* Task item: In the material below, find the line that contains "Tige d'Agapanthe Artificielle Bleu" and the line that contains "Frauenmantel, Alchemilla, mollis, Tautropfen", then write out exactly those two lines and everything between them.

____

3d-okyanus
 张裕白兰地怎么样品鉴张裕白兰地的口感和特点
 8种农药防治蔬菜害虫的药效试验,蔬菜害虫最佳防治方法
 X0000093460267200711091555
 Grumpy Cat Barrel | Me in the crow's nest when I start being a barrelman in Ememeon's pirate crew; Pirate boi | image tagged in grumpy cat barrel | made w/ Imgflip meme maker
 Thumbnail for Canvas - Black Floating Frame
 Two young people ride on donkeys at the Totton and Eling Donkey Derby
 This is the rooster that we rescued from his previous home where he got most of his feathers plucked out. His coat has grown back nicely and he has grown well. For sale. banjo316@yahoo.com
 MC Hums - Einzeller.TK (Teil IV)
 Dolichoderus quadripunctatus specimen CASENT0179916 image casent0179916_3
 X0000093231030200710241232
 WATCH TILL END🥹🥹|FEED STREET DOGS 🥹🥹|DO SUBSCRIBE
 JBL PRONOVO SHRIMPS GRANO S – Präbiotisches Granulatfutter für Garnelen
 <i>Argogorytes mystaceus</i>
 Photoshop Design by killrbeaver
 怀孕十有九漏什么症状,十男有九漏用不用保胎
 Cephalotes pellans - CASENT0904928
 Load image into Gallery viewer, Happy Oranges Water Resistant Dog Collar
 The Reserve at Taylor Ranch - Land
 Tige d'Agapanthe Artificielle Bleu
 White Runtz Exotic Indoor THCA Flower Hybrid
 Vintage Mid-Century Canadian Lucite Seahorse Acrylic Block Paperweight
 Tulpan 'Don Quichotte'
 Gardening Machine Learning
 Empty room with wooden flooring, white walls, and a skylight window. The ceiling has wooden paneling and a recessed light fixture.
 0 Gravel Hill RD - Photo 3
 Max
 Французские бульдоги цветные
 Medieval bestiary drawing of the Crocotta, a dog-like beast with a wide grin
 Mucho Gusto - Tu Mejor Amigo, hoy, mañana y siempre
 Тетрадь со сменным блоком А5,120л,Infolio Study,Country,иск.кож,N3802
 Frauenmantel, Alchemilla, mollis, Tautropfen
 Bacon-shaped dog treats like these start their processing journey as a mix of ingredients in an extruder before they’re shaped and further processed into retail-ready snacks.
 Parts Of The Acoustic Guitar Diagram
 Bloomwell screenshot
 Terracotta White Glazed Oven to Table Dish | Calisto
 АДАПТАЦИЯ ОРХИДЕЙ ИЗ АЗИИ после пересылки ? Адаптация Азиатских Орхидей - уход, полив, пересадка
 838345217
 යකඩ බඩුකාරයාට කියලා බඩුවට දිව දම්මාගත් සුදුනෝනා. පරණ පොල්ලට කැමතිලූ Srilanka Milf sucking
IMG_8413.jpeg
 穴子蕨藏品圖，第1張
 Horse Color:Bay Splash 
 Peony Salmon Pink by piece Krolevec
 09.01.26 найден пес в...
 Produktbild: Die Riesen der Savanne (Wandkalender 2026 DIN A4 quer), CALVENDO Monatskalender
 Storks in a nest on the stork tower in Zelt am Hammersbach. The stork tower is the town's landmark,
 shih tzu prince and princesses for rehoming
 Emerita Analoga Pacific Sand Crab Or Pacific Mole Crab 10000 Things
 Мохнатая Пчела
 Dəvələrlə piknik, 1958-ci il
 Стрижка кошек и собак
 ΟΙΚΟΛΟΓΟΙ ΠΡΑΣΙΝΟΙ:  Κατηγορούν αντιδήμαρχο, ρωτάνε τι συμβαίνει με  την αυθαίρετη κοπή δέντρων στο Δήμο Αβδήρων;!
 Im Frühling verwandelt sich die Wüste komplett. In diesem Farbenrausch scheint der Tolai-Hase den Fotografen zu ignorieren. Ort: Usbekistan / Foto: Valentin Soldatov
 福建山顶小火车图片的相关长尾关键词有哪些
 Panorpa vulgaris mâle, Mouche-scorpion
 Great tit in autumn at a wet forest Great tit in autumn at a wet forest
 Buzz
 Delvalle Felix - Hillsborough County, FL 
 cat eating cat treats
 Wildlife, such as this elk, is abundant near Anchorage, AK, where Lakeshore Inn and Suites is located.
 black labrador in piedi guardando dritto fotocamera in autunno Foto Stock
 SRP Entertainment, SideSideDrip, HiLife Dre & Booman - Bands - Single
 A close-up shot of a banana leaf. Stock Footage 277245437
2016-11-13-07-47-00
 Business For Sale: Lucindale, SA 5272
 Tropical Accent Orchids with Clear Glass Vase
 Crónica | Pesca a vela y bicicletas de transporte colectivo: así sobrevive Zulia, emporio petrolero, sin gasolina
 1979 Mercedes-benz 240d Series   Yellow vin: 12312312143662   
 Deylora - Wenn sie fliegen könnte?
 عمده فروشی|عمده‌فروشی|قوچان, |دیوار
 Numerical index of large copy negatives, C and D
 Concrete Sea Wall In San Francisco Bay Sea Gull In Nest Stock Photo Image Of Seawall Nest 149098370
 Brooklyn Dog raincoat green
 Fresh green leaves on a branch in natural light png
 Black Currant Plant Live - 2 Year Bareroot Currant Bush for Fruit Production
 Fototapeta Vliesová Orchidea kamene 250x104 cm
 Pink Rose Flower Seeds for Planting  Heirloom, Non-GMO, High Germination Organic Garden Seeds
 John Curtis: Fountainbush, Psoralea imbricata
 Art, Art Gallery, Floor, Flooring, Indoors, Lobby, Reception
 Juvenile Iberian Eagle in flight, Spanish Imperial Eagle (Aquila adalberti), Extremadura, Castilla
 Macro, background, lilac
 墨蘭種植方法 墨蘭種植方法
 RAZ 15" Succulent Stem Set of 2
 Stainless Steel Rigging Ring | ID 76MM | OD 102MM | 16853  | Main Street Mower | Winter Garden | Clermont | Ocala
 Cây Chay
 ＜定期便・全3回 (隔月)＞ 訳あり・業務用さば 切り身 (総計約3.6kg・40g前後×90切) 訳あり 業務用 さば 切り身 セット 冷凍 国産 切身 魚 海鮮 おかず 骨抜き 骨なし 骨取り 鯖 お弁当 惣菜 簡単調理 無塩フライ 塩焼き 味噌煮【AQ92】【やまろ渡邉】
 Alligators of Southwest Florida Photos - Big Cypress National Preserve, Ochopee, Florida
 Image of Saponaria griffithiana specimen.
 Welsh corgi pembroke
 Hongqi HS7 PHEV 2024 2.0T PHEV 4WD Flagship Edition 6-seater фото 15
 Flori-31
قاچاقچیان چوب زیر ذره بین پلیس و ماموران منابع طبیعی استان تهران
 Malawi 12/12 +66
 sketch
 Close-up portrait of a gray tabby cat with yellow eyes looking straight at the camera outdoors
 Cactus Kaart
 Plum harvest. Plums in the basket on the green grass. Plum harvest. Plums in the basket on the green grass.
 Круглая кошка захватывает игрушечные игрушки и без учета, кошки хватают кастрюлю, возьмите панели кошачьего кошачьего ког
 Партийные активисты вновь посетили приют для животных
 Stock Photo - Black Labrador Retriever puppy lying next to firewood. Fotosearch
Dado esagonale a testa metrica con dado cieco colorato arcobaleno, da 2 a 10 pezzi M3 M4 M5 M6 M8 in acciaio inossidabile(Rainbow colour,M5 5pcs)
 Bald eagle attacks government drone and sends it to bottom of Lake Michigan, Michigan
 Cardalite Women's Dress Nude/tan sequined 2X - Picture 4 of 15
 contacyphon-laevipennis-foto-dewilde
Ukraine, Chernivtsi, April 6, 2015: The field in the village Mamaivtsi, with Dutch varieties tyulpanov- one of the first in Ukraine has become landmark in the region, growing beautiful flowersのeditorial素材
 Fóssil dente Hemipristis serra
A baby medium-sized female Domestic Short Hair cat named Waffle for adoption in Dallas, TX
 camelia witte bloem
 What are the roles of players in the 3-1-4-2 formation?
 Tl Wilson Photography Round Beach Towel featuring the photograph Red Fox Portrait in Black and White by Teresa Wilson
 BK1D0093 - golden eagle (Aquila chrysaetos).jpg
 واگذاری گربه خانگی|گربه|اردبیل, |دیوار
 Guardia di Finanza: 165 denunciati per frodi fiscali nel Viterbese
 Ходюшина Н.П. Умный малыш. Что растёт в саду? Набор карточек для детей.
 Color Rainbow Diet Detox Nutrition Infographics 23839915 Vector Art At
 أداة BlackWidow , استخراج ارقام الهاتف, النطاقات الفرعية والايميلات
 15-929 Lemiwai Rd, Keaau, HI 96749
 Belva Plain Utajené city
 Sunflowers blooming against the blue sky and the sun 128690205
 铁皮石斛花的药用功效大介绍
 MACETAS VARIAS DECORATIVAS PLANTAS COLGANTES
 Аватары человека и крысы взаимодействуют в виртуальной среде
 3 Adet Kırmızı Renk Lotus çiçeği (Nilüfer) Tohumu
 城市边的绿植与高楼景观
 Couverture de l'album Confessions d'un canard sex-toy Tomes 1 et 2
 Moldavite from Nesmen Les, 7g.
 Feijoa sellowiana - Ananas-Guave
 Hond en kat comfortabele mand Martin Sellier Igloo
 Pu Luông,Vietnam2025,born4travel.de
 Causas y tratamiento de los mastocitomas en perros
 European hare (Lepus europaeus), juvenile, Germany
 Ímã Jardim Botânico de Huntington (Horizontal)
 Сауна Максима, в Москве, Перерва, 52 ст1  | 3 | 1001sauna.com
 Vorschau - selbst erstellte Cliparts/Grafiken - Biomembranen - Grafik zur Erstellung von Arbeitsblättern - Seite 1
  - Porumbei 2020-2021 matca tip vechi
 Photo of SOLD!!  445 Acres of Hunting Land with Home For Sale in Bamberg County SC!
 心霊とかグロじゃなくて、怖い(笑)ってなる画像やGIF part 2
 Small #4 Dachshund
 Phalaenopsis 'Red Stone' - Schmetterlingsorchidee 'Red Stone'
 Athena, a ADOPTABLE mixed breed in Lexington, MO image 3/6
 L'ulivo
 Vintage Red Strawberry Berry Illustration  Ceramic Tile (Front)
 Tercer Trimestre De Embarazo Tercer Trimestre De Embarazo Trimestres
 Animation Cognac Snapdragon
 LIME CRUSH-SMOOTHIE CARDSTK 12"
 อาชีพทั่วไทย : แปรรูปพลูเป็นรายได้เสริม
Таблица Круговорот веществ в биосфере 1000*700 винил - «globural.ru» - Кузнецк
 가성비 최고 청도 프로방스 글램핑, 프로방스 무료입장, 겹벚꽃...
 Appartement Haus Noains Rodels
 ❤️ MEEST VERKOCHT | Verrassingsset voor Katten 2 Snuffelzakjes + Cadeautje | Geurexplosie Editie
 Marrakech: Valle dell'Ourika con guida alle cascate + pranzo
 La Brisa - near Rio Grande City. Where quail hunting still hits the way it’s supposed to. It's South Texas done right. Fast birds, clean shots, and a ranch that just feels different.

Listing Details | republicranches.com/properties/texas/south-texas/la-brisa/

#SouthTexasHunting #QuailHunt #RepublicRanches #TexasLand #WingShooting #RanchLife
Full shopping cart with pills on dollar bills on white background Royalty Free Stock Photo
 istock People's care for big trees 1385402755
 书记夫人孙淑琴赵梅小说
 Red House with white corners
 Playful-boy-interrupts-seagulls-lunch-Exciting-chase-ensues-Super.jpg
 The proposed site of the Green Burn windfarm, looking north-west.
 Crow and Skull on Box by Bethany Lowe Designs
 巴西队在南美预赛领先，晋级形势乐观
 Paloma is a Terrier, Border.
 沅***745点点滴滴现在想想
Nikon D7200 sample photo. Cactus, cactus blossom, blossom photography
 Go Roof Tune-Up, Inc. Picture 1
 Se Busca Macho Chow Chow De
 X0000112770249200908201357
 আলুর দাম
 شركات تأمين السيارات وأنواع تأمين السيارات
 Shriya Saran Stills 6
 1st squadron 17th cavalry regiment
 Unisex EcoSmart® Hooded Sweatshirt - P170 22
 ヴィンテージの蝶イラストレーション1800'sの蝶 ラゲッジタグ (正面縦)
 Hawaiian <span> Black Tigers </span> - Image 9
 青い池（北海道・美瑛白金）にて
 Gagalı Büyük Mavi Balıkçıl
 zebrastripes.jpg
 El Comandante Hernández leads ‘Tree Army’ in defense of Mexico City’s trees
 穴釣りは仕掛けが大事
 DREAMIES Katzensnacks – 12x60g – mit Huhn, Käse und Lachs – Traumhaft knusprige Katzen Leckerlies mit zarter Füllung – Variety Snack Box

____

* Response to this exercise:
 Tige d'Agapanthe Artificielle Bleu
 White Runtz Exotic Indoor THCA Flower Hybrid
 Vintage Mid-Century Canadian Lucite Seahorse Acrylic Block Paperweight
 Tulpan 'Don Quichotte'
 Gardening Machine Learning
 Empty room with wooden flooring, white walls, and a skylight window. The ceiling has wooden paneling and a recessed light fixture.
 0 Gravel Hill RD - Photo 3
 Max
 Французские бульдоги цветные
 Medieval bestiary drawing of the Crocotta, a dog-like beast with a wide grin
 Mucho Gusto - Tu Mejor Amigo, hoy, mañana y siempre
 Тетрадь со сменным блоком А5,120л,Infolio Study,Country,иск.кож,N3802
 Frauenmantel, Alchemilla, mollis, Tautropfen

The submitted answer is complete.